Your objective
Transcribe the records below word for word, leaving every picture out.

:::

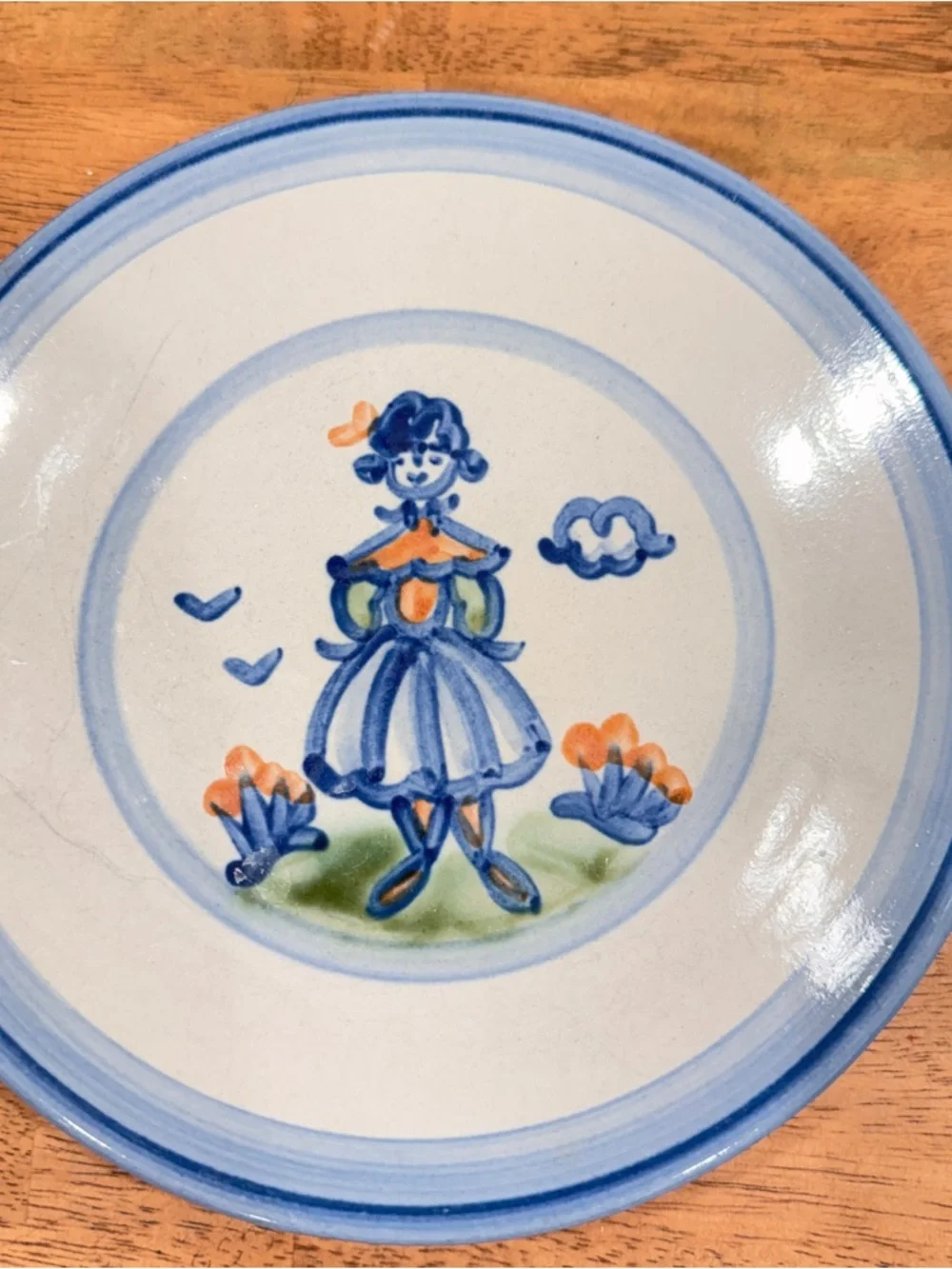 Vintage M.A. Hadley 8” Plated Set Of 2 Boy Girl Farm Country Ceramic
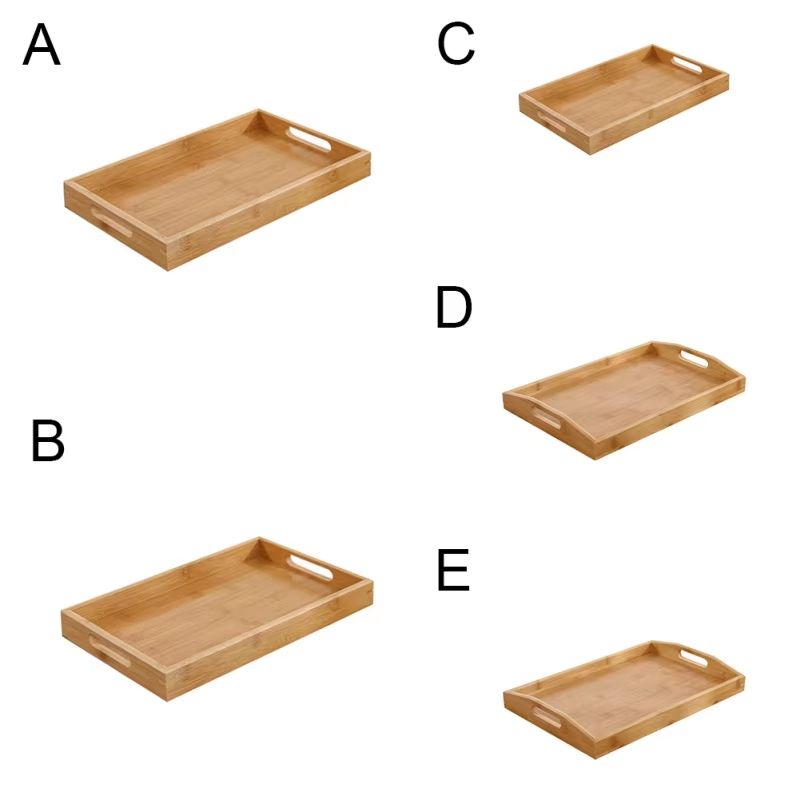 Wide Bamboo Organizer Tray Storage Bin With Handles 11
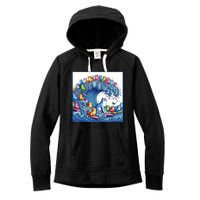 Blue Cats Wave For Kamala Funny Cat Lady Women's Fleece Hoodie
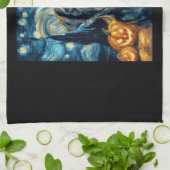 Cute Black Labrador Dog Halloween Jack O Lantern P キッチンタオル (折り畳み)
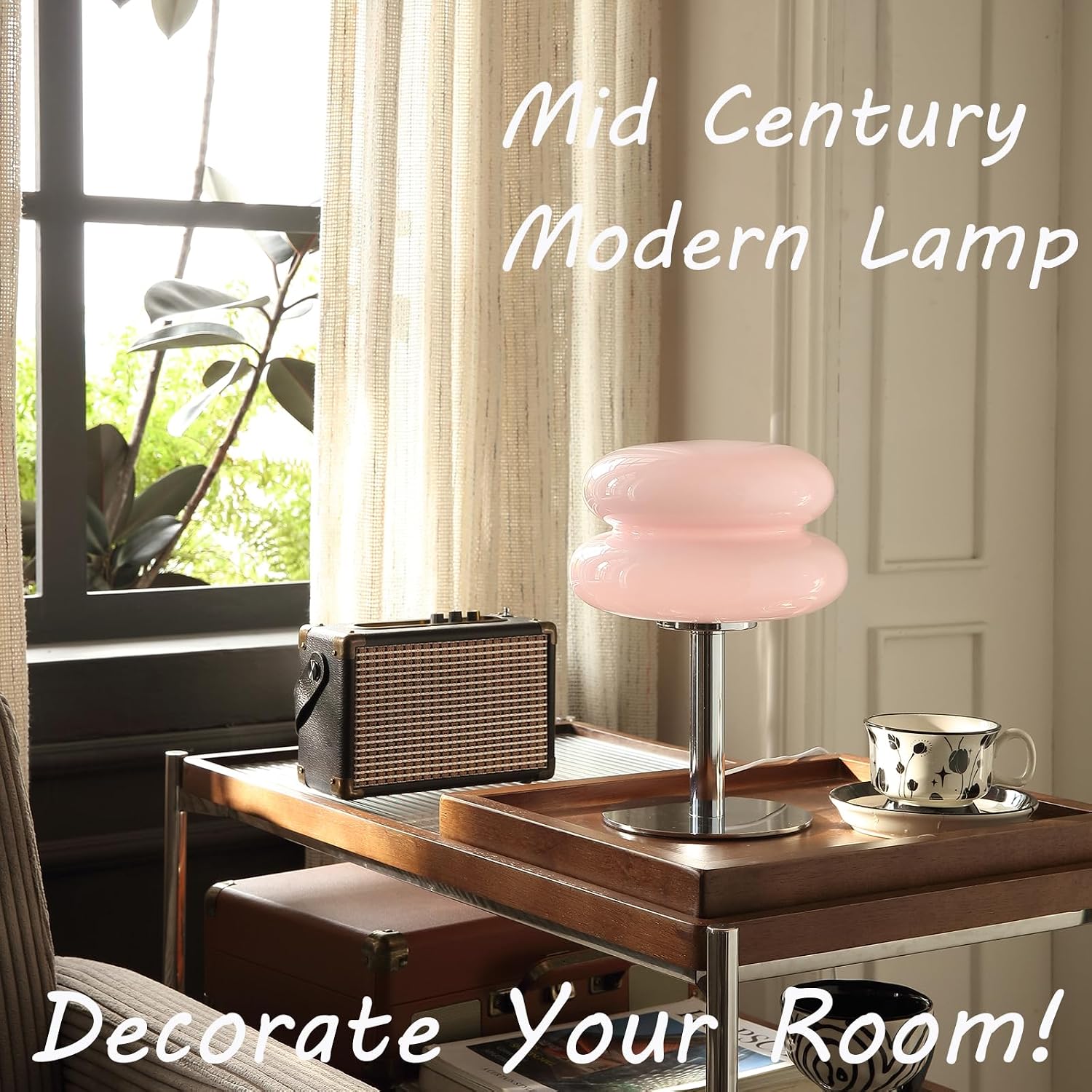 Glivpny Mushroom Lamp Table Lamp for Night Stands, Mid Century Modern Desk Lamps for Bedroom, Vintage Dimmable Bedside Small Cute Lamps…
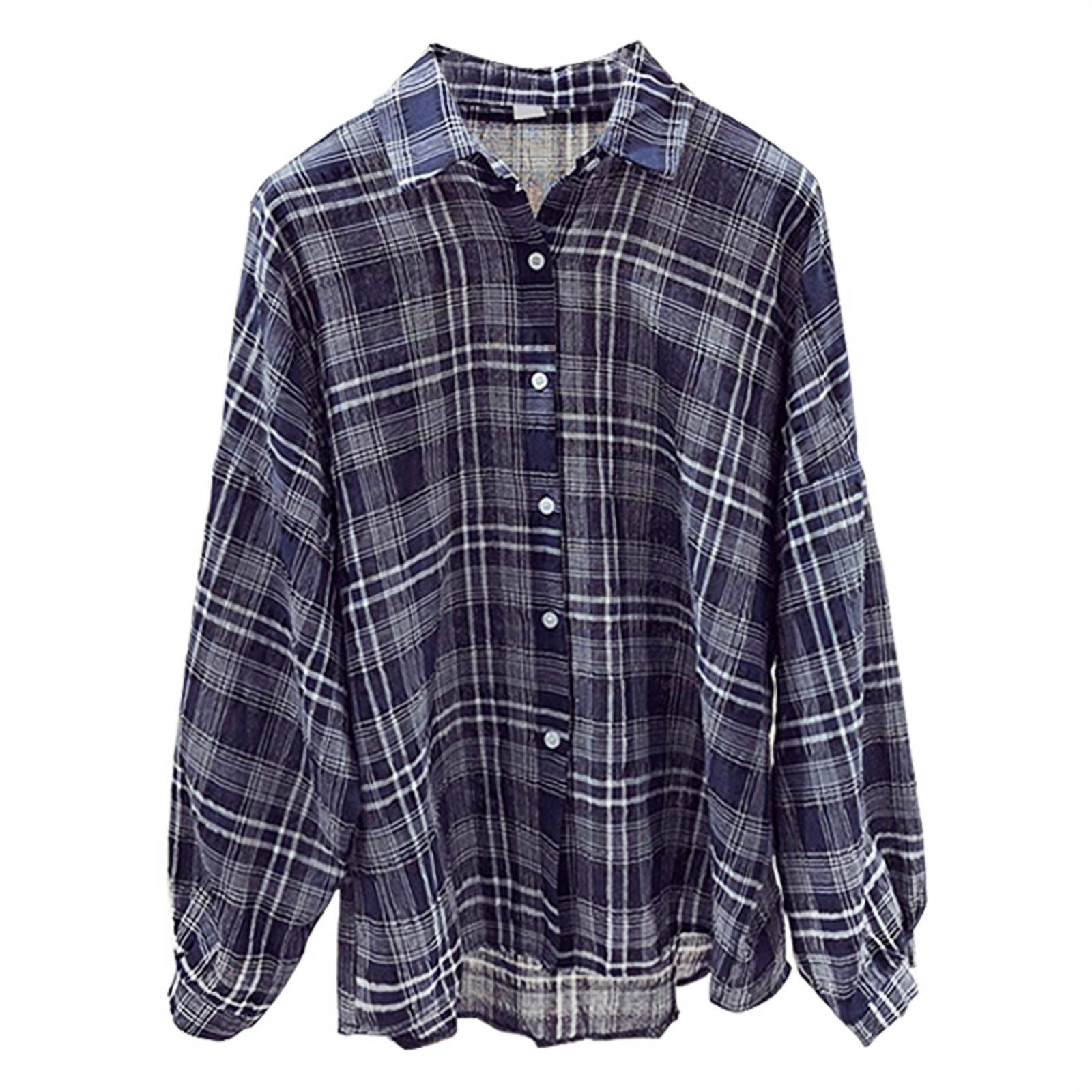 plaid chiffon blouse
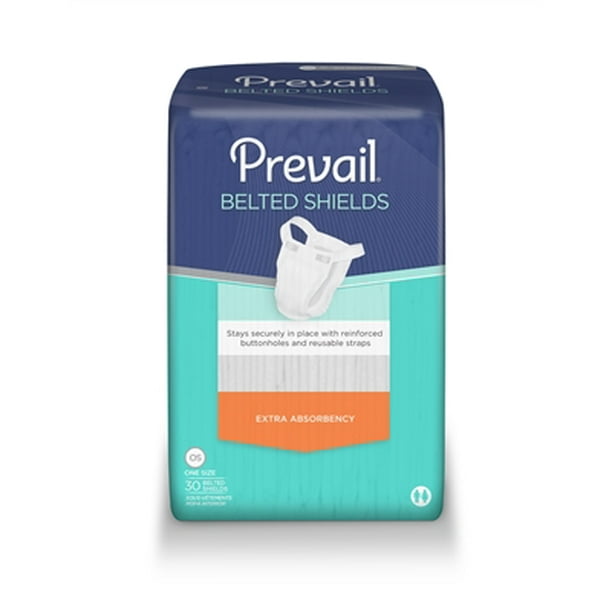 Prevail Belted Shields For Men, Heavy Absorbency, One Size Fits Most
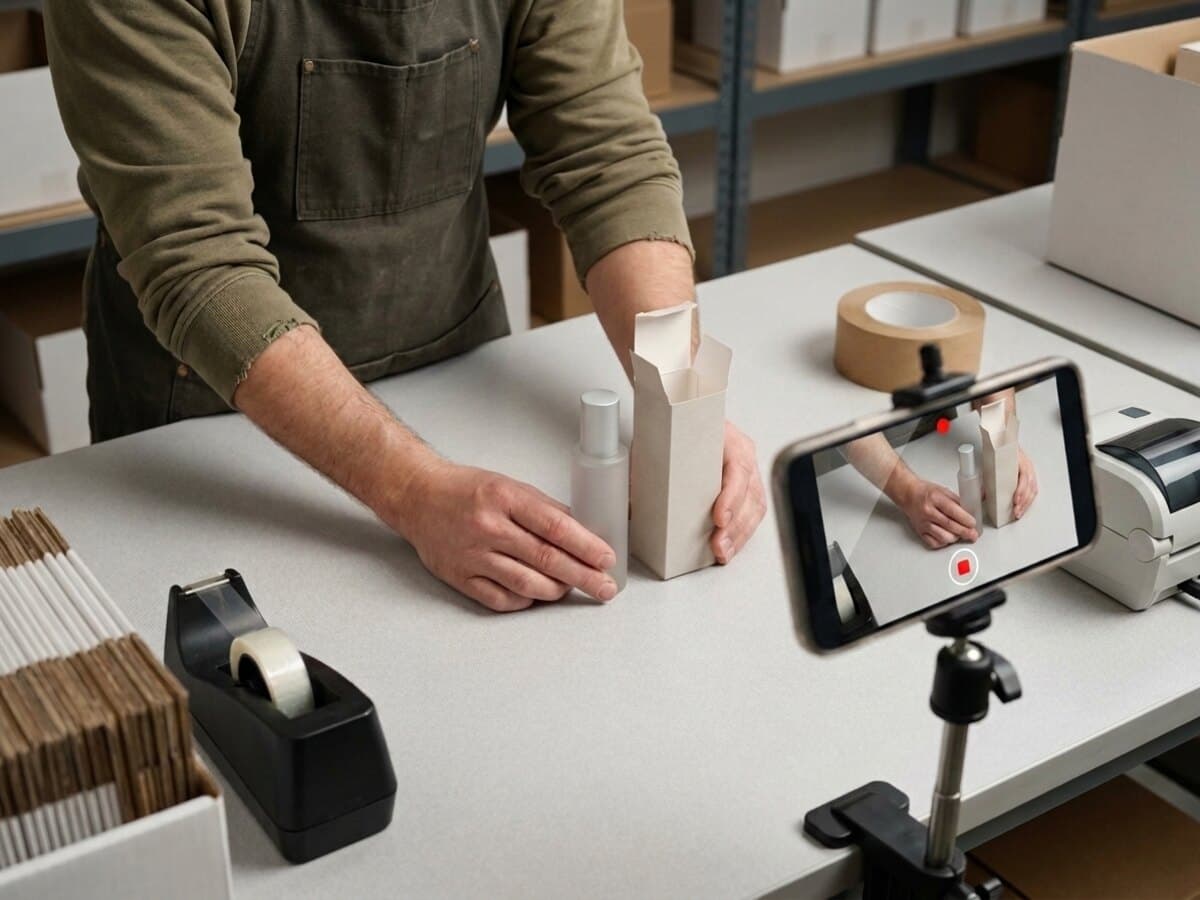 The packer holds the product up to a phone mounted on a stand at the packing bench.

:::

Result
 Vintage M.A. Hadley 8” Plated Set Of 2 Boy Girl Farm Country Ceramic
 Wide Bamboo Organizer Tray Storage Bin With Handles 11
 Blue Cats Wave For Kamala Funny Cat Lady Women's Fleece Hoodie
 Cute Black Labrador Dog Halloween Jack O Lantern P キッチンタオル (折り畳み)
 Glivpny Mushroom Lamp Table Lamp for Night Stands, Mid Century Modern Desk Lamps for Bedroom, Vintage Dimmable Bedside Small Cute Lamps…
 plaid chiffon blouse
 Prevail Belted Shields For Men, Heavy Absorbency, One Size Fits Most
 The packer holds the product up to a phone mounted on a stand at the packing bench.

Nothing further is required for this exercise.